Servus Kassiopeia,
ein paar Splitter zu dem Stichwort:
1897: Entwurf zu einem übergreifenden Bebauungsplan für die Mathildenhöhe in Darmstadt, ein Musterstück für den deutschen Jugendstil.
1901: Der Kristallglaskünstler Emile Gallé begründet mit einigen anderen die „Ecole de Nancy“, die den abgefahrensten Jugendstil außerhalb Barcelonas hervorbringt. Einiges an Glasobjekten von Gallé ist heute in der früheren Kristallglashütte in Meisenthal zu sehen, in der für Gallé gearbeitet wurde. Nancy selber ist allein schon wegen der Jugendstilarchitektur eine Reise wert.
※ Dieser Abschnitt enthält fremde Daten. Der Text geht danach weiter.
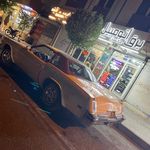 باطریسازی تخصصی و تنظیم موتور  محسن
1900: Weltausstellung in Paris. Das Wahrzeichen der Ausstellung, der Eiffelturm, sollte eigentlich nach Ende der Ausstellung wieder demontiert werden (Wir hams ja!). Auf der Weltausstellung stellt Heinrich Lanz, Fabrikant von Lokomobilen in Mannheim, die damals größte Lokomobile der Welt vor. Alles wird schneller, heller, besser.
Das Haus, in dem ich wohne, ist (in den unteren Etagen - der Rest wurde später durch die Allierte Städtesanierung GmbH & Co KG beseitigt) 1903 auf dem kurz vorher erweiterten und verlegten Lanzschen Fabrikgelände gebaut worden. Die Beletage hat eine Höhe von 3,30 m, die Außenwände sind 60cm stark. Wir hams ja, und ein Arbeiter kostet eh fast nichts.
Noch glaubt die Welt, mit elektrischem Strom, Gas, Schiffahrt, Naturwissenschaft, Technik würde bald eine Art Insel der Glücklichen auf der Erde entstehen.
Aber auch - Anfang 1900: Unter Führung und Verantwortung von Lord Kitchener wird im Burenkrieg die im folgenden Jahrhundert Epoche machende Erfindung des Konzentrationslagers aus der Taufe gehoben.
Das Lebensgefühl im damals schon (ohne sich dessen allzusehr bewusst zu sein) auf den Weltkrieg zusteuernden Europa beschreibt (für die Zeit 13 Jahre nach 1900) sehr prägnant Jacques Brel in seiner „Bruxelles“-Hymne.
Gut zu Lesen in diesem Zusammenhang: Walter Kempowski, „Aus großer Zeit“; Joseph Roth, „Radetzkymarsch“; Heinrich Mann, „Der Untertan“.